Supplied material

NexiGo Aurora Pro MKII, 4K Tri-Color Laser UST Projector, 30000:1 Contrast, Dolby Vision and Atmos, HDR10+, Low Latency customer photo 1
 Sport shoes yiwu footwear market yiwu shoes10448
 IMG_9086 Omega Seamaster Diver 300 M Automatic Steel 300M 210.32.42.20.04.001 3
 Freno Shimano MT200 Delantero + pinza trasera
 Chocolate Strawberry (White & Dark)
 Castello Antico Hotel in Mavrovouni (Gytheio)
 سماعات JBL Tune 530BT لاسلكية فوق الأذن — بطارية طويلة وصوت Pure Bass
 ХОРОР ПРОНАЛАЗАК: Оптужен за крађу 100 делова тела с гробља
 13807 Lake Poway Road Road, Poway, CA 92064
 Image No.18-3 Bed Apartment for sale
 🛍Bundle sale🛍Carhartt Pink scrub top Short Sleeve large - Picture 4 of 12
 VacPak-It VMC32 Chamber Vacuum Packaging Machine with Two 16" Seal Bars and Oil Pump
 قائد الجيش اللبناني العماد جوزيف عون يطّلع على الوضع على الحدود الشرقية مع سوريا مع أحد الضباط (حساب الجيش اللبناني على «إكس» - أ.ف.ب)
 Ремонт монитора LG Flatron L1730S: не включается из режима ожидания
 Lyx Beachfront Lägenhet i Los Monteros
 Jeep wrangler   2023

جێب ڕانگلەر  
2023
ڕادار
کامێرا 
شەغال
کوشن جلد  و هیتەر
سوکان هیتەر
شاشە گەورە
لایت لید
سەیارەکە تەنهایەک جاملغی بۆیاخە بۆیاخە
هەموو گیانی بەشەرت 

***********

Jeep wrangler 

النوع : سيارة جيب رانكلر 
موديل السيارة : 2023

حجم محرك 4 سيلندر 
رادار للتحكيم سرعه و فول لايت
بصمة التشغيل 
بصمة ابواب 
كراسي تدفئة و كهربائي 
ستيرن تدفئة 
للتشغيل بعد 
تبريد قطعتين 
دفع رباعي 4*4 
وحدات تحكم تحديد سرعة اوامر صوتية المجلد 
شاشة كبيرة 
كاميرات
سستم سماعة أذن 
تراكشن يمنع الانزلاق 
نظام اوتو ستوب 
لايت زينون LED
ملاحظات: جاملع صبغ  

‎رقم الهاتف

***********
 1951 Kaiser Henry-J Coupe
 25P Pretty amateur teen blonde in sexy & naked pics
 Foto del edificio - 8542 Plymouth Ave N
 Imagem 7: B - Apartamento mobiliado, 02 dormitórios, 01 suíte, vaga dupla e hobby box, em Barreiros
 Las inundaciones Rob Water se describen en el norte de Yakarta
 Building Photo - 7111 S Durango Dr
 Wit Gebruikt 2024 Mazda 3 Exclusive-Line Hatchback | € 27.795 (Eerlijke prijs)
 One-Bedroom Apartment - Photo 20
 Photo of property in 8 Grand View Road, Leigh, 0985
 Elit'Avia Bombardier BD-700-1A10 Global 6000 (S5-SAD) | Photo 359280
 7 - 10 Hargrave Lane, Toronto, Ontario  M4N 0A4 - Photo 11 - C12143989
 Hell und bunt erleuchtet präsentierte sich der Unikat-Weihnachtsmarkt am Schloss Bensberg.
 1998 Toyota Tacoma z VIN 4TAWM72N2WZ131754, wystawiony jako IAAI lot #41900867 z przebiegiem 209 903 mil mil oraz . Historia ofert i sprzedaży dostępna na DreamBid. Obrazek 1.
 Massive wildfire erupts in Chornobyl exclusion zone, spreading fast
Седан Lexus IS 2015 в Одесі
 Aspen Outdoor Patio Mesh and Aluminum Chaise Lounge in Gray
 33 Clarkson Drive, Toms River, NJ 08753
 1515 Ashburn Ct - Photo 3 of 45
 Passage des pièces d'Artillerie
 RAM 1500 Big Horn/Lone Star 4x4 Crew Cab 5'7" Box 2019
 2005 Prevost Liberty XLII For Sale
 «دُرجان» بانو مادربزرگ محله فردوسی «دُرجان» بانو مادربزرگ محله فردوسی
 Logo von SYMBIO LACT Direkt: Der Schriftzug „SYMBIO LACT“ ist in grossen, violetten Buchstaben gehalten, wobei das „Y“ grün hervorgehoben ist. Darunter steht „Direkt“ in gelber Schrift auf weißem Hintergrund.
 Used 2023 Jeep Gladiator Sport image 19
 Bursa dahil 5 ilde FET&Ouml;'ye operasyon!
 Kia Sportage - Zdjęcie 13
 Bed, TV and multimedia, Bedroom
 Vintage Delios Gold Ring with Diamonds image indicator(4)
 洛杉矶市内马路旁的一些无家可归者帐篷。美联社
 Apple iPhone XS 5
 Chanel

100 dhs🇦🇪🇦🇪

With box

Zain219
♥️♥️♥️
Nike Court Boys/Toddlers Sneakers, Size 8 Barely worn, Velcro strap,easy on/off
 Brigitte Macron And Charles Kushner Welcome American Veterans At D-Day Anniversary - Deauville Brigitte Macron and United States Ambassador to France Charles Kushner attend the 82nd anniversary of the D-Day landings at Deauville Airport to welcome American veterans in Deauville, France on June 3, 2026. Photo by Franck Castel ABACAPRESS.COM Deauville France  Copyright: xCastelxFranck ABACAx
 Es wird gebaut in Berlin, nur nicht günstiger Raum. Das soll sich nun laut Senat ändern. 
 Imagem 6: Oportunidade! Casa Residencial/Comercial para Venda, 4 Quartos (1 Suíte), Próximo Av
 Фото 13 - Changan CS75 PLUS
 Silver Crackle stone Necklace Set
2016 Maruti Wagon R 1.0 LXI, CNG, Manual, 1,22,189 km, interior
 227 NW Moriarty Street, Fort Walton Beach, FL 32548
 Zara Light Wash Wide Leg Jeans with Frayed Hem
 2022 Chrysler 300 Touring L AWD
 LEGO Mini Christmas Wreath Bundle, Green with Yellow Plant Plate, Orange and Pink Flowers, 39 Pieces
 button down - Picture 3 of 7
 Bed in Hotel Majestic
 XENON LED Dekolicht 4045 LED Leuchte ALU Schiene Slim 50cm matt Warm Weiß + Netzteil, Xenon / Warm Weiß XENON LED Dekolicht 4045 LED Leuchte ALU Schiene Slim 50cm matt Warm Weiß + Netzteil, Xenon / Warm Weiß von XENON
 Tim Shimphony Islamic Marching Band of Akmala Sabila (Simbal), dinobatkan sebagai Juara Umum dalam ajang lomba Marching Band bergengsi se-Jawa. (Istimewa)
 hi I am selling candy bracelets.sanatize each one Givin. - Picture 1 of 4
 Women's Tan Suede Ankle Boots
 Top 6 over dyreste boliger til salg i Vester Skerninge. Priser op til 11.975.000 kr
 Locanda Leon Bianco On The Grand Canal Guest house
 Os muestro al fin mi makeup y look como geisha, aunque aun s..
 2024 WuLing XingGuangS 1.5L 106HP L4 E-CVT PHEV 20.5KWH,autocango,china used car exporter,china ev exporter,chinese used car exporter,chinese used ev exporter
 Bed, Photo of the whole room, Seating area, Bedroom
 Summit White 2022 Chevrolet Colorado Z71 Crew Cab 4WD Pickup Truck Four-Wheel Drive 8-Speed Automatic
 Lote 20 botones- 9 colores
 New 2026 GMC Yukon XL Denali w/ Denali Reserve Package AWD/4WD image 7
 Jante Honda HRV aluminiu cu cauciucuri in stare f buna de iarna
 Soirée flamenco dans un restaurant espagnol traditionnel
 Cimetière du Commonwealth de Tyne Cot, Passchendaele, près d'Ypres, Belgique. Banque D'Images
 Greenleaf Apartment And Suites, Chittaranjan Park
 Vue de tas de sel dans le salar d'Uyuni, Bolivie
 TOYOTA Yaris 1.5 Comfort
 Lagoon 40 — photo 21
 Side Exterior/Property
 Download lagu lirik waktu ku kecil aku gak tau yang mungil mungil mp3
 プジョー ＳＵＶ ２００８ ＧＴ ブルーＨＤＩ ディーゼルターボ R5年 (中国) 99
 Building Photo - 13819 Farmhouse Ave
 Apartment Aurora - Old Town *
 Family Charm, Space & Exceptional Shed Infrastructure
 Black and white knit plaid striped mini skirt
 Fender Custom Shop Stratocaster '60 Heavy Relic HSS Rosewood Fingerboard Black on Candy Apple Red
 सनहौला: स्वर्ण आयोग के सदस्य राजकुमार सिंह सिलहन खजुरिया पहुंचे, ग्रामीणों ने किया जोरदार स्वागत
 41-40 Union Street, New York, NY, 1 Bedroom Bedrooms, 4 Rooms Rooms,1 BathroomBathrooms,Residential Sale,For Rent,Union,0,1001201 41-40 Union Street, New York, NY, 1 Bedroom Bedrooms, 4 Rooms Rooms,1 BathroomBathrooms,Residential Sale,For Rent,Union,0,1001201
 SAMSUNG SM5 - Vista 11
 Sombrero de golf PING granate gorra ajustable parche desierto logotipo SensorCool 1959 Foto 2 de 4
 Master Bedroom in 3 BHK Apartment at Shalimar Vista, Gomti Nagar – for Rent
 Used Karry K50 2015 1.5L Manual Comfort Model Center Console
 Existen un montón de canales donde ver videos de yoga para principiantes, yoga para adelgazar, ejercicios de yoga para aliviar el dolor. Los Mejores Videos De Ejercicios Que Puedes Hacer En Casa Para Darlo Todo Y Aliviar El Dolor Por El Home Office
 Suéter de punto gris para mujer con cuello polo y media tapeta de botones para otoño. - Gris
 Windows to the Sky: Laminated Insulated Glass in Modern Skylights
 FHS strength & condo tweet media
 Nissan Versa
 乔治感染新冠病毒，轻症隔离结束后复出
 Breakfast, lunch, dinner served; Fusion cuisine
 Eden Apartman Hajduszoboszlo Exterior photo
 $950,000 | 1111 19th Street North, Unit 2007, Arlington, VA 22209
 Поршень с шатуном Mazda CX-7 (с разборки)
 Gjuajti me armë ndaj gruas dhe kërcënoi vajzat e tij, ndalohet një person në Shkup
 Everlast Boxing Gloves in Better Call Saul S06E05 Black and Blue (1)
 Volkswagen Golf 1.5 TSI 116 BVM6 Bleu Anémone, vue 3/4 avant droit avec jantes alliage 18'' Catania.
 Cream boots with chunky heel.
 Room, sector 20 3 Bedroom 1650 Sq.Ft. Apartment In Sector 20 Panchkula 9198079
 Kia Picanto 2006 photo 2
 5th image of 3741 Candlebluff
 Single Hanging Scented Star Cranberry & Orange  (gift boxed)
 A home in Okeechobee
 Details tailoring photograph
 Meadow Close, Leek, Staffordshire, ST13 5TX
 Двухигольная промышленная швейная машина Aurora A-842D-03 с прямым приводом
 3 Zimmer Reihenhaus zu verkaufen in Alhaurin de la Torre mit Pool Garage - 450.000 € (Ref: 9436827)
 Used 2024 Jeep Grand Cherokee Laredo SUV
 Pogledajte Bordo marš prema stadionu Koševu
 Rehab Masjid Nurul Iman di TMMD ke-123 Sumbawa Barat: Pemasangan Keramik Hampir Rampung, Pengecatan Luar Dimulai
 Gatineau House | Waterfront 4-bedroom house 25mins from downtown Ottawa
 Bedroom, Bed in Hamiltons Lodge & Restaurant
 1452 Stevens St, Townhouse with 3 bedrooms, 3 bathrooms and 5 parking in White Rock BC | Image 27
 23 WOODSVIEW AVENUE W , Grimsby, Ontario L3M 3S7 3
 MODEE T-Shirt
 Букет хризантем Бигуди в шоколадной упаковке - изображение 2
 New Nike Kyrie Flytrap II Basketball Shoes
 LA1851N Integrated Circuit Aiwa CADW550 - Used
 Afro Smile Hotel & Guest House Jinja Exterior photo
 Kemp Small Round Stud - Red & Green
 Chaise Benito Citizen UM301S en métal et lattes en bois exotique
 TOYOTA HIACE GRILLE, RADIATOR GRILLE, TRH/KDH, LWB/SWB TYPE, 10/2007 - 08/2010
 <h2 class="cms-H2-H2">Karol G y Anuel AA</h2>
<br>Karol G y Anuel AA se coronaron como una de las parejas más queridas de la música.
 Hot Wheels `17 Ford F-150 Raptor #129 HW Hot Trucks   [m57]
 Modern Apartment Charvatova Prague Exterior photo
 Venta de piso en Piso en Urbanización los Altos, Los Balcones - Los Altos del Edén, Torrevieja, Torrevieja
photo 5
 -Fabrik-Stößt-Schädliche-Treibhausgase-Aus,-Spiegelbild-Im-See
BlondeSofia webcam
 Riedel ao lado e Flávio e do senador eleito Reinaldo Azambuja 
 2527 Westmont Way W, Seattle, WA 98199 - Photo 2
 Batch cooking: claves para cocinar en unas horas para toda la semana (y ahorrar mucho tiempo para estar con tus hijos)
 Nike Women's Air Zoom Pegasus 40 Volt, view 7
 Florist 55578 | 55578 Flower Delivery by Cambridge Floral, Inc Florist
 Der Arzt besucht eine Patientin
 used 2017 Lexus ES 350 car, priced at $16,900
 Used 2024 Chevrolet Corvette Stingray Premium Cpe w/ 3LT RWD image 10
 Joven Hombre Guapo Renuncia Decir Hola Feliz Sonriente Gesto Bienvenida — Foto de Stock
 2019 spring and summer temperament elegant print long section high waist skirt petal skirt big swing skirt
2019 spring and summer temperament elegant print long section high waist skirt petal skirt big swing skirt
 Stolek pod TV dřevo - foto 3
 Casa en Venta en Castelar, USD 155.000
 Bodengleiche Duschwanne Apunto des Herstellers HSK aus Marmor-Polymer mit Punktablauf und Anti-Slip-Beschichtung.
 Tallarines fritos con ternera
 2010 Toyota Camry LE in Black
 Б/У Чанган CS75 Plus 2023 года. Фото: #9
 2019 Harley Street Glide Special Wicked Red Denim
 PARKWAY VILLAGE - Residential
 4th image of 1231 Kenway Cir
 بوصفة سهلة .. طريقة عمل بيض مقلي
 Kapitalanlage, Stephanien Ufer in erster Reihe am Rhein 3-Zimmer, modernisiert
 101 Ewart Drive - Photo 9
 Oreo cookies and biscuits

Work to complete
In the listing above, find the line with "Двухигольная промышленная швейная" and the line with "Bedroom, Bed in Hamiltons Lodge & Restaurant", then reproduce both and every line between them exactly.

Your response
 Двухигольная промышленная швейная машина Aurora A-842D-03 с прямым приводом
 3 Zimmer Reihenhaus zu verkaufen in Alhaurin de la Torre mit Pool Garage - 450.000 € (Ref: 9436827)
 Used 2024 Jeep Grand Cherokee Laredo SUV
 Pogledajte Bordo marš prema stadionu Koševu
 Rehab Masjid Nurul Iman di TMMD ke-123 Sumbawa Barat: Pemasangan Keramik Hampir Rampung, Pengecatan Luar Dimulai
 Gatineau House | Waterfront 4-bedroom house 25mins from downtown Ottawa
 Bedroom, Bed in Hamiltons Lodge & Restaurant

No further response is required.